The Smart Grid infrastructure promises to deliver significant benefits for many generations, but first we need to address its inherent security flaws. IOActive believes that the Smart Grid and Automated Metering Infrastructure (AMI) markets would benefit from the adoption of a formal Security Development Lifecycle and independent, third-party security assessments.
—Joshua Pennell, President and founder of IOActive
Due to its complexity, large number of stakeholders, and highly time-sensitive operational requirements, securing the Smart Grid and its related infrastructure is a major concern for both the utility industry and government regulatory agencies. The research firm, Park Associates, estimates that there are eight million Smart Meter, or AMI, devices in field use today, and this number is forecast to grow to over 33 million in 20111. Meanwhile, the North American Electric Reliability Corporation, the Federal Energy Regulatory Commission, and the National Institute for Standards in Technology are busy developing a detailed roadmap for Smart Grid security. Failure to follow their guidelines could result in hefty fines. The time is now for the utility sector to protect their investment by demanding that Smart Meters come equipped with the types of security protection afforded to computers on a standard enterprise network.
The potential damages from leaving the Smart Grid unsecured go beyond fines from regulatory agencies. IOActive researchers performed a series of "black-box" penetration tests on several standard Smart Meter devices.
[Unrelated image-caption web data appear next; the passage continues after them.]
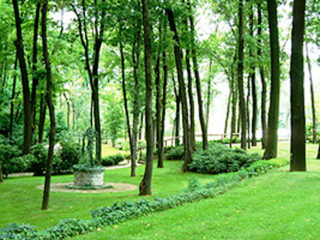 ' .  addslashes(Croce di Malta) . '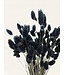 Phalaris noir fleurs séchées | Longueur ± 65 centimètres | Poids ± 150 grammes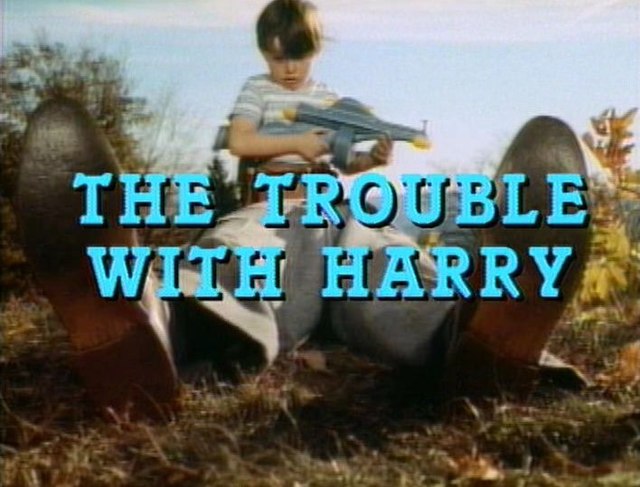 The title shot in the film trailer shows the discovery of Harry by Arnie (Jerry Mathers).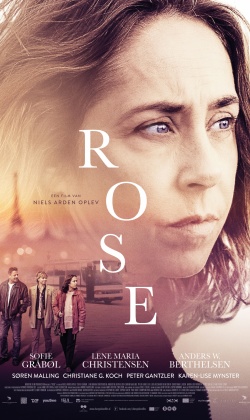 50+ Rose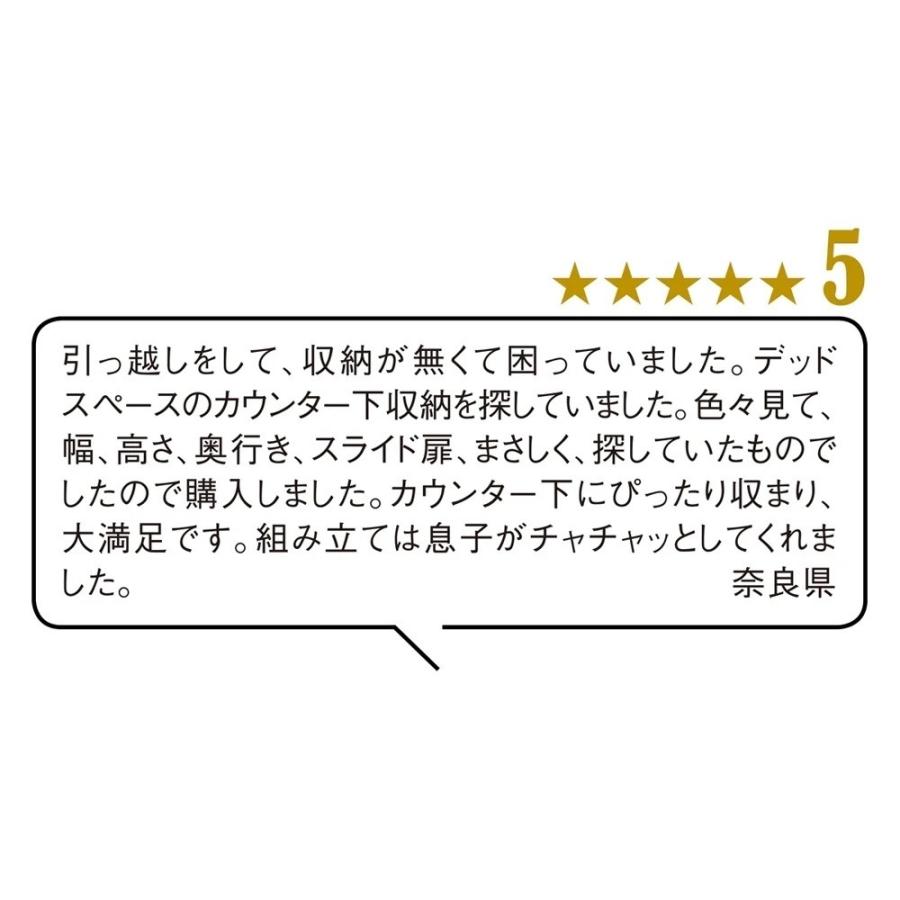 ストレートカウンター下収納庫 引き出し 幅45 奥行30cmタイプ リビング収納 リビング 629305の画像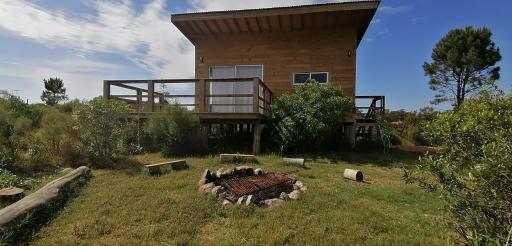 Charrua de Punta colorada - Housity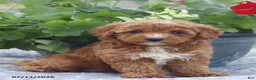 Miniature Poodle dogs for sale: Natasha - Ad 9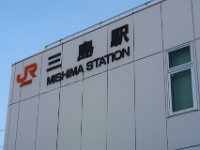 IMG 4536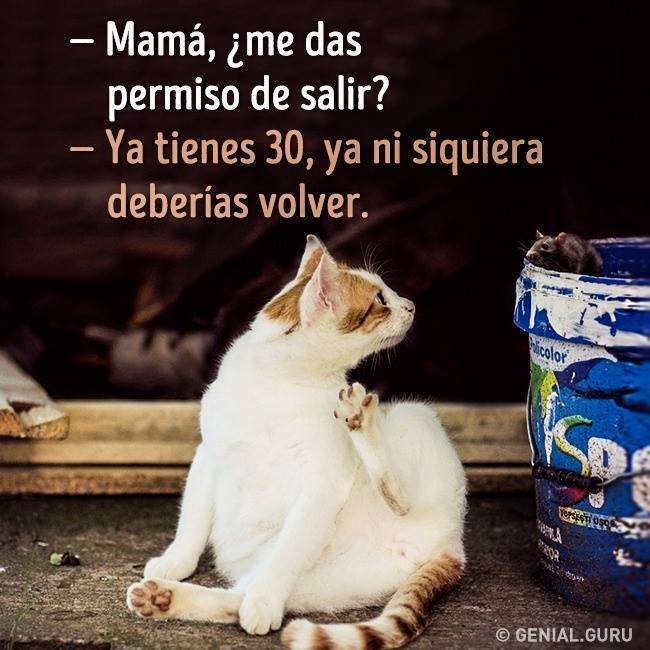 BebesYPanales's tweet photo. Jajajaja...para el futuro... https://t.co/RClCV18X7l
These tests revealed vulnerabilities to multiple common attack techniques, including the ability to create a worm that grants the attacker full control of all exposed devices. An attack of this nature could spread through a utility grid, disconnecting customers, and rendering meters non-functional. Recovery from such an event would be costly, time-consuming, and incredibly damaging to the utility's reputation.
IOActive is uniquely prepared to help utilities protect their infrastructure and thrive from the Smart Grid's benefits. We are spearheading efforts to secure Smart Meter AMI devices by introducing proven best practices to test quality, security, and reliability throughout the product lifecycle. As pioneers in Smart Grid systems security, we are at the leading edge in providing leadership, expert techniques, and accurate results in our security assessments.
1. Source: Over Eight Million
Smart Meters Deployed in U.S., Millions More to Come (July 14, 2009).